DESCRIPTION: Malawi's treatment guidelines were revised in 2021 to include pDTG as the preferred first-line treatment for children between 3kg-19.9kg and aged above four weeks. Through Unitaid funding, CHAI procured pDTG for ~2,500 children to catalyse product access in 50 targeted high-volume sites, while large-scale resource mobilization took place. Enhanced monitoring was adopted from Phase I of implementation to provide rapid insights on patient safety, product experience, health care worker (HCW) capacity to introduce the product and to support troubleshooting ahead of national scaleup. Phase II followed with 48 additional sites by August 2021. Across the 98 Phase II sites, 3,631 children were on pDTG by the time Global Fund delivered pDTG in October 2021, enabling Phase III implementation across all 671 sites serving CLHIV.
LESSONS LEARNED: Relative to most countries, a high proportion of the 6,900 eligible children (~53%) were on pDTG by December 2021. Swift stakeholder coordination, site-level trainings, monitoring visits, distribution of HCW materials and a comprehensive package of community resources enabled an effective rollout. A phased transition ensured building of supply chain experience with a new product during the COVID-19 pandemic.
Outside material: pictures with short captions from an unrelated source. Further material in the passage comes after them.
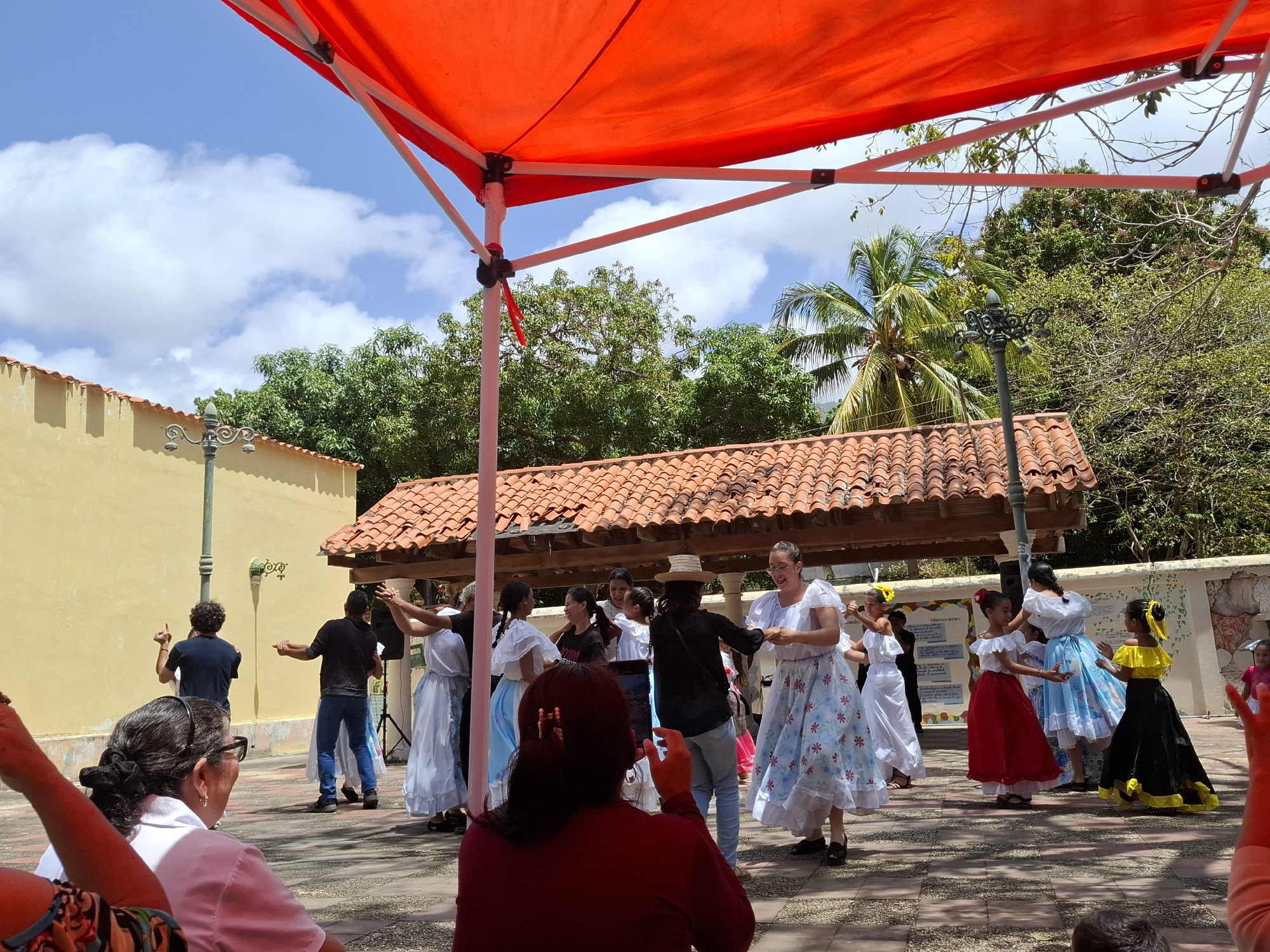 A group of people is dancing in El Valle del Espíritu Santo, Venezuela. A partially visible red awning is in the foreground, above a crowd of people who appear to be watching or filming the dancers. Among the dancers, both adults and children are seen, with several of them dressed in traditional attire. They are actively engaged in a dance performance. Some onlookers have their arms raised, perhaps taking photos or cheering. The background features buildings with red tile roofs, lush trees, and a partly cloudy sky. A decorative street lamp is also visible.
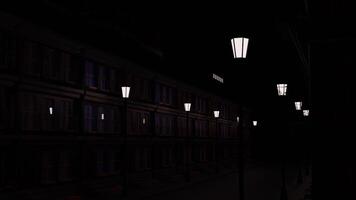 resumen ciudad paisaje con un vacío calle decorado por dos filas de linternas diseño. antiguo pasado de moda edificio y un Moviente tren con luces en ventanas Moviente encima el casa a noche. video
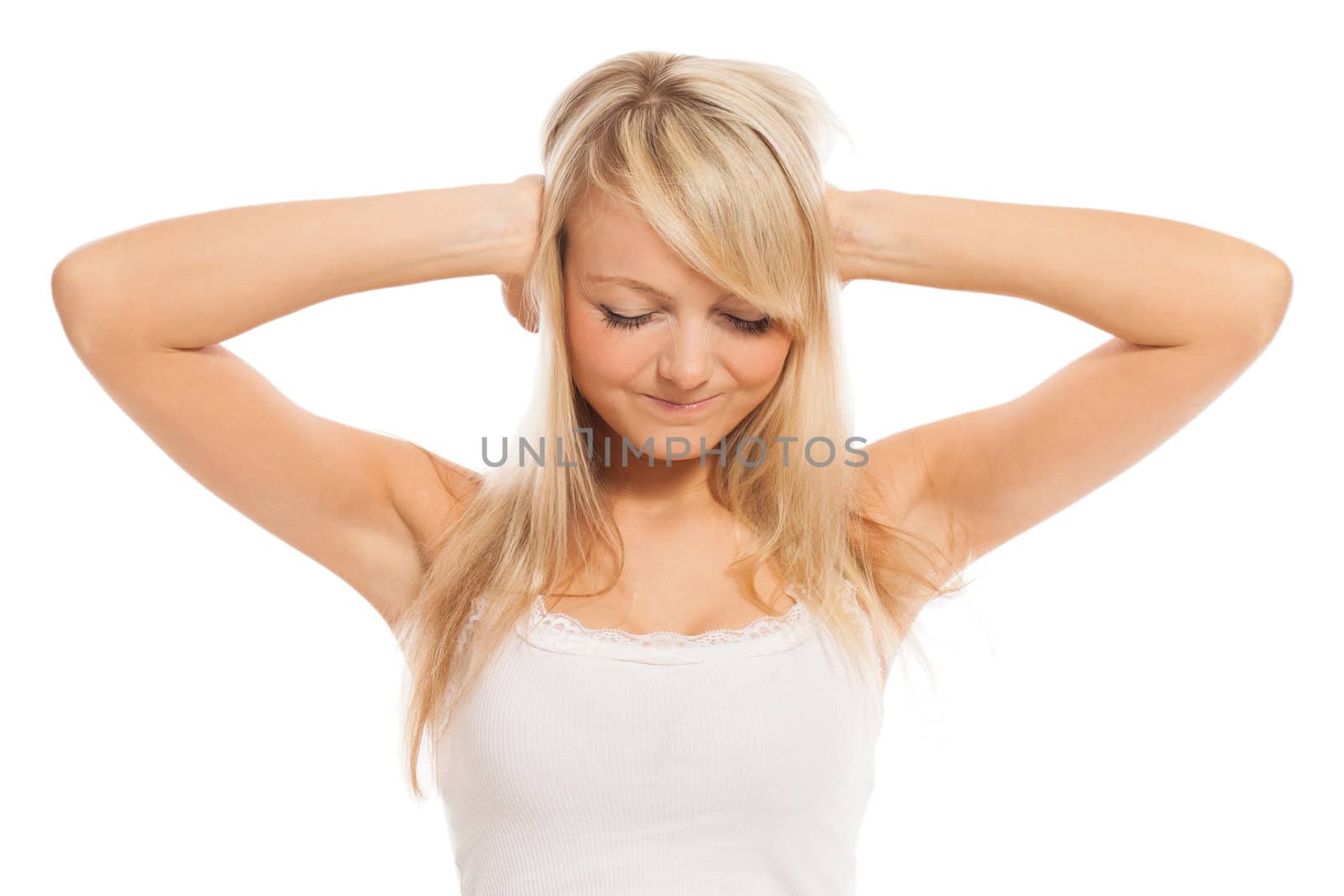 Young attractive woman closes ears with hand isolated over white background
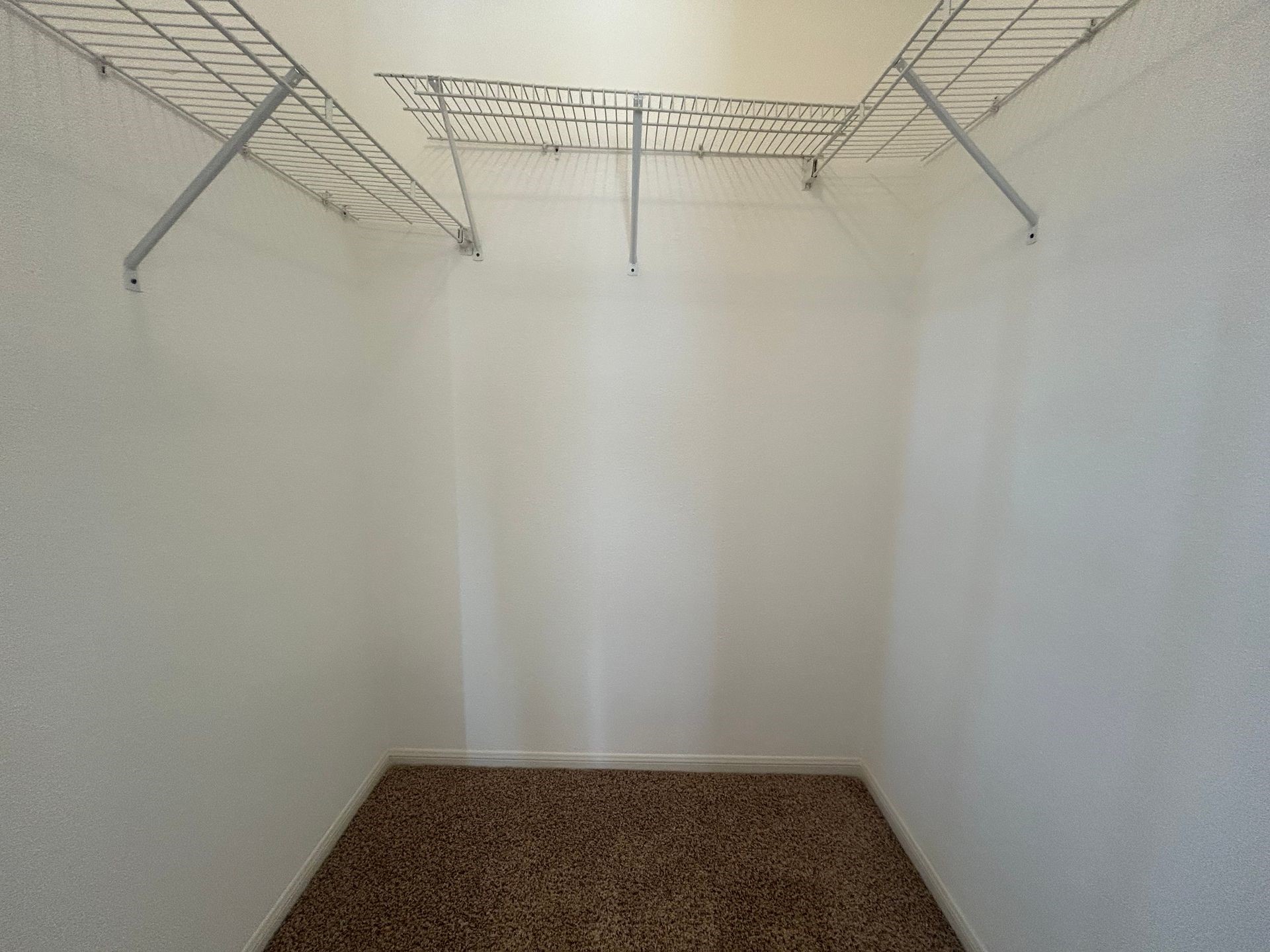 12550 Whittington Drive, Unit 610 Houston, TX 77077 - Photo 10 of 10 a view of a room with racks on the wall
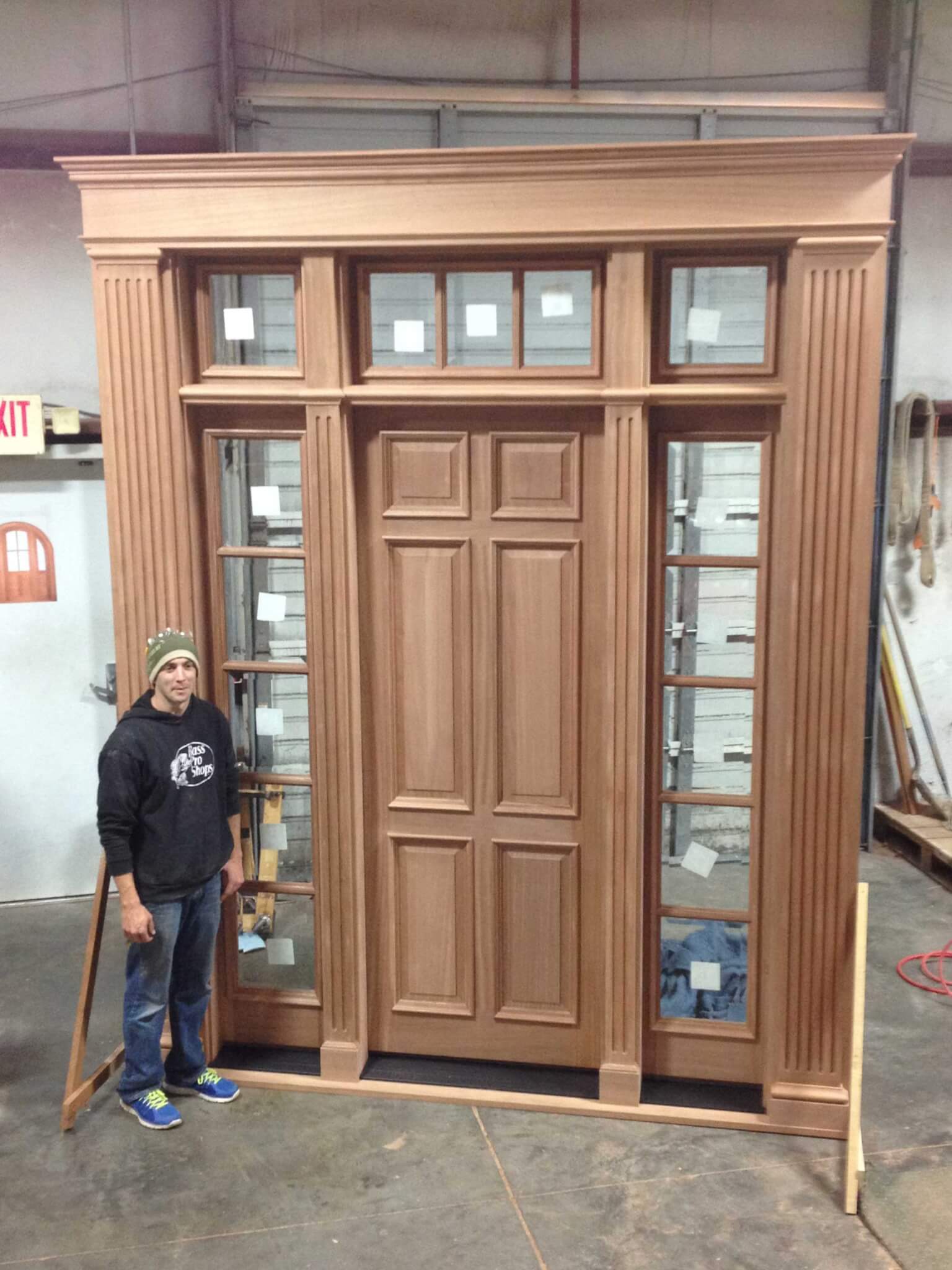 Custom wooden front door with decorative glass in Charleston by MW Millworks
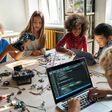 Mehrere Kinder, zwischen 10 und 12 Jahren, an einem großen Tisch mit Laptops und kleinen Roboterteilen.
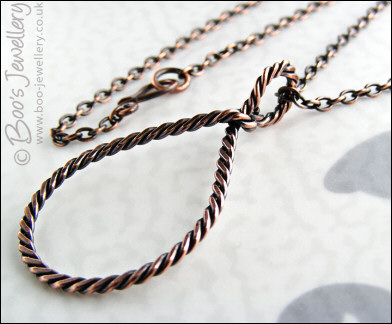Antiqued copper knotted rope loop pendant on chain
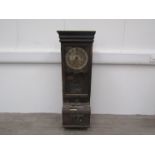 An early 20th Century International Time Recorder clocking on clock, with key and pendulum,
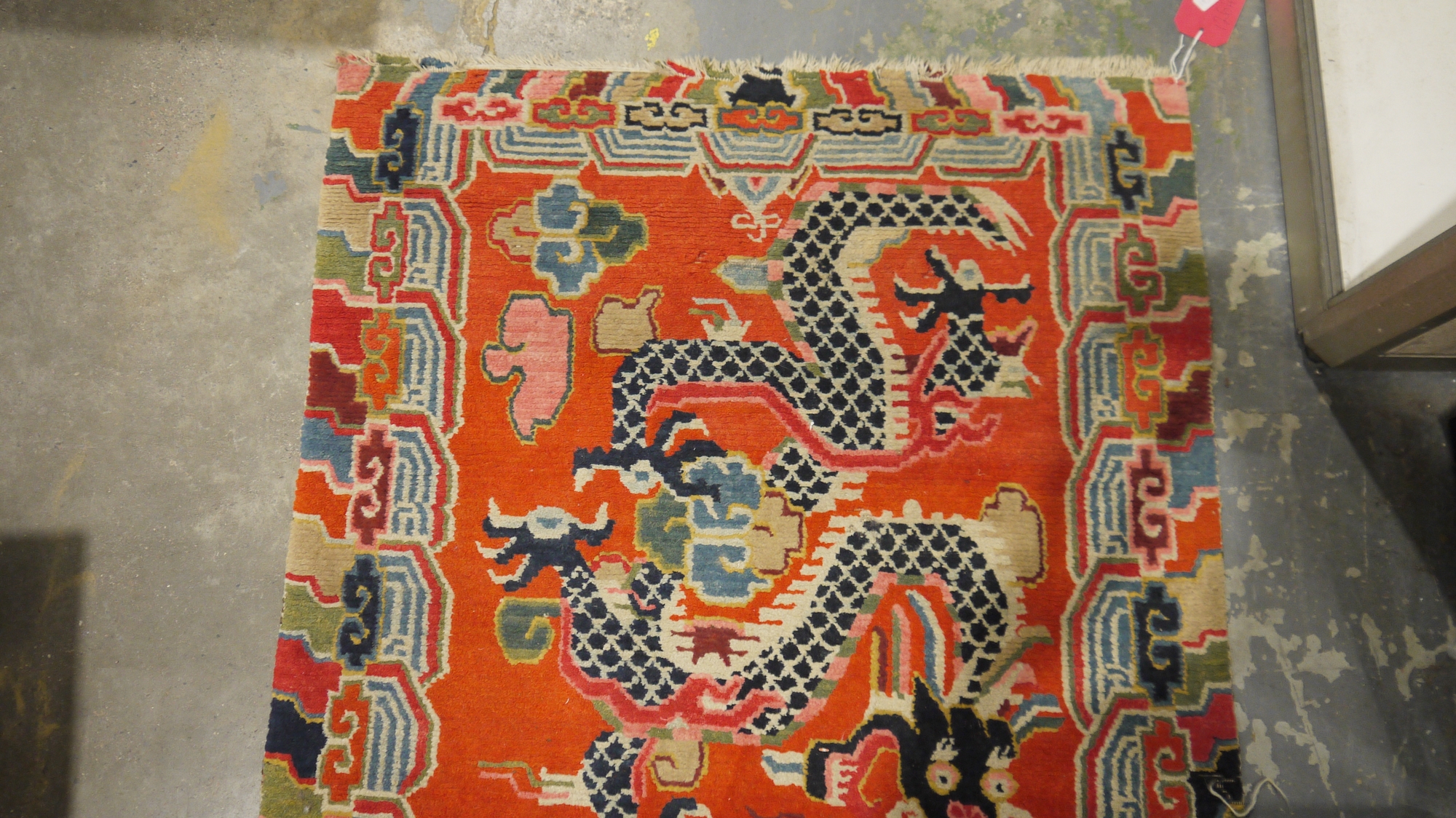 Pair of Chinese style rugs, possibly Tibetan, the central panel with two dragons chasing flaming - Image 12 of 88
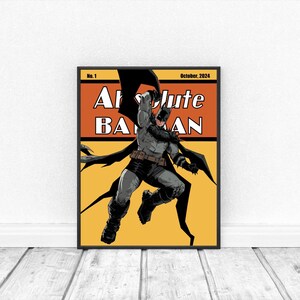 May include: A framed comic book cover featuring Batman in a dynamic pose. The artwork is set against an orange and yellow background, with the title "Absolute Batman" in bold white letters. The cover is dated October 2024.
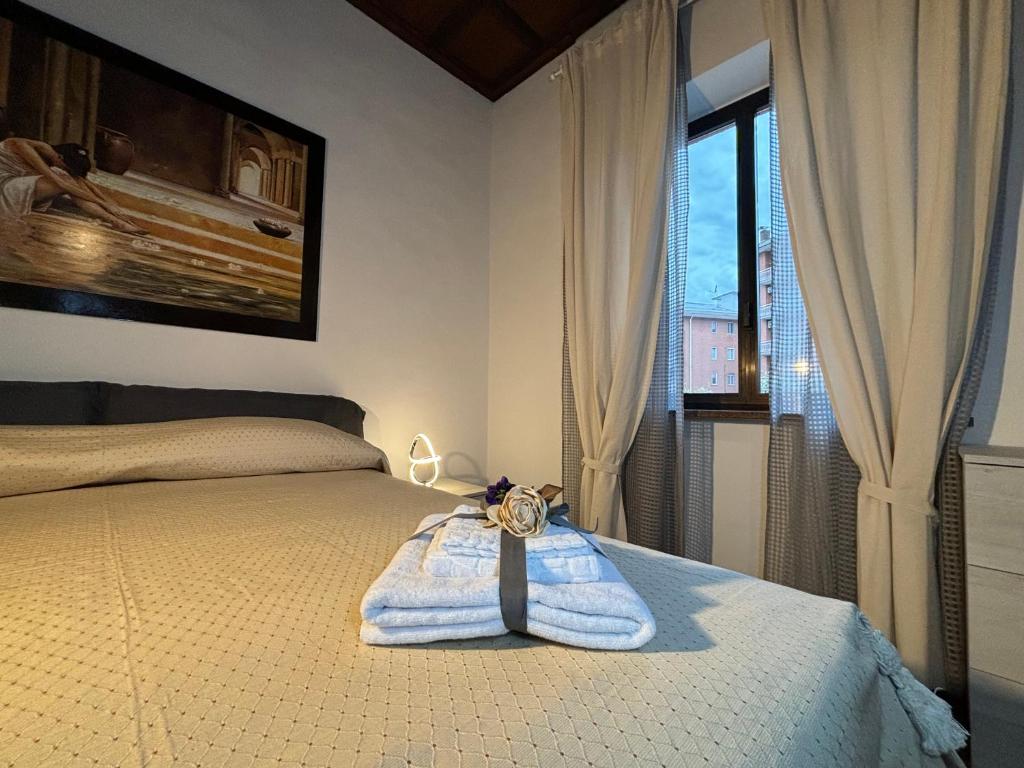 a bedroom with a bed with a towel on it at Villanova d'Asti Charming House with barbecue by Alterego in Villanova dʼAsti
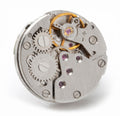Silver circular skeleton watch-movement lapel pin with purple jeweled screws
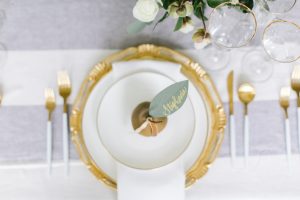 Pear decor on white plate set with a paper leaf name tag
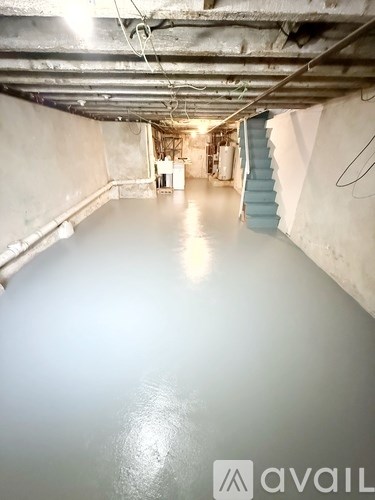 A laundry room with washers and dryers.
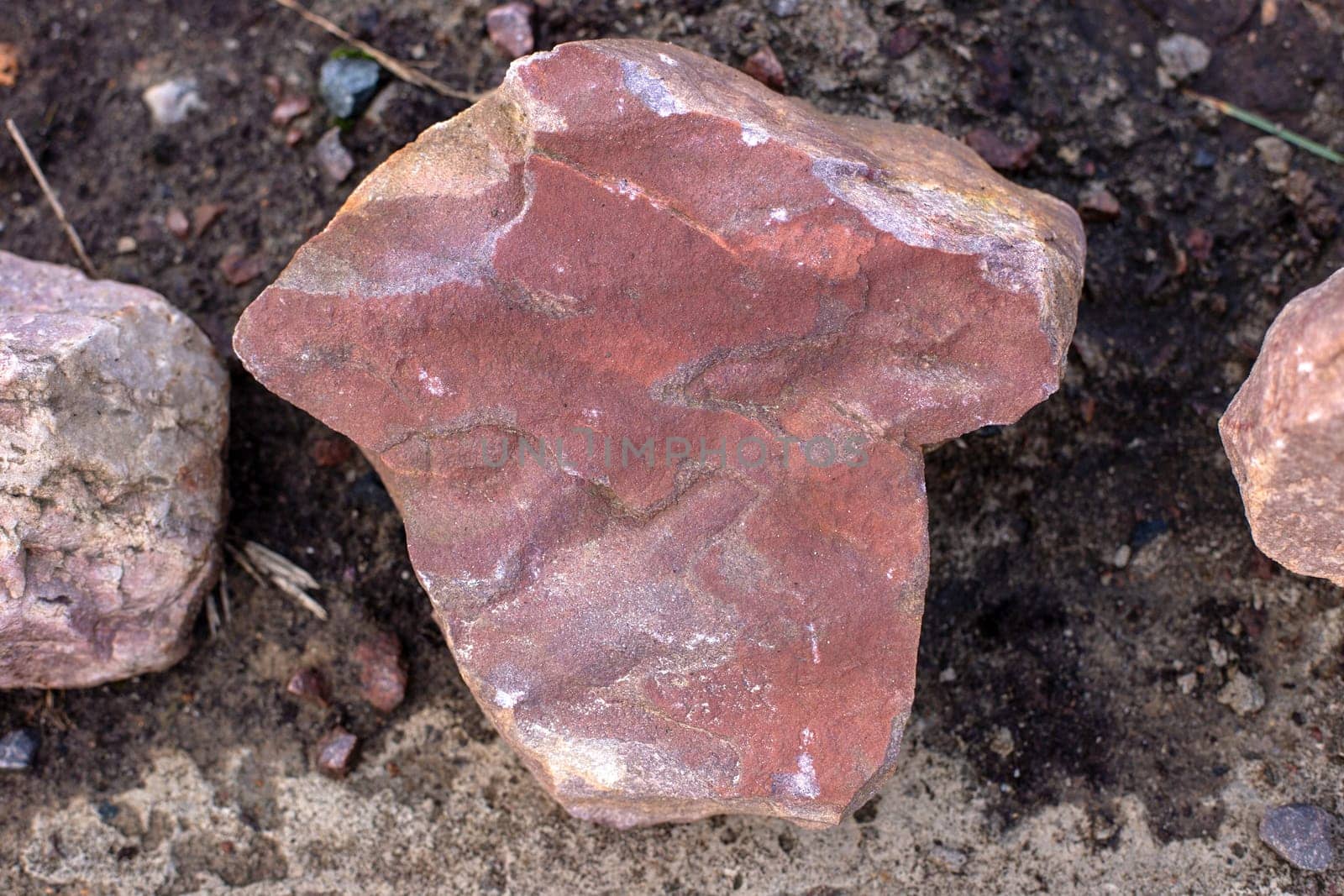 Pink sandstone stone on the dark ground. close-up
Caregivers, CLHIV, and HCWs across the 50 Phase I sites cited a preference of pDTG over LPV/r due to improved tolerability, simpler administration and palatability for children. A highlighted challenge has been pDTG 90-pack sizes, which have clinical implications on prescribing practices and patient monitoring in early phases of initiation.
CONCLUSIONS: Malawi is one of the first countries to adopt and scale-up pDTG nationally. Given pDTG's superior clinical profile and tolerability, optimal viral suppression rates in children are anticipated. National HIV programs can learn from Malawi's experience as a best practice for rapid adoption of child-friendly treatment products.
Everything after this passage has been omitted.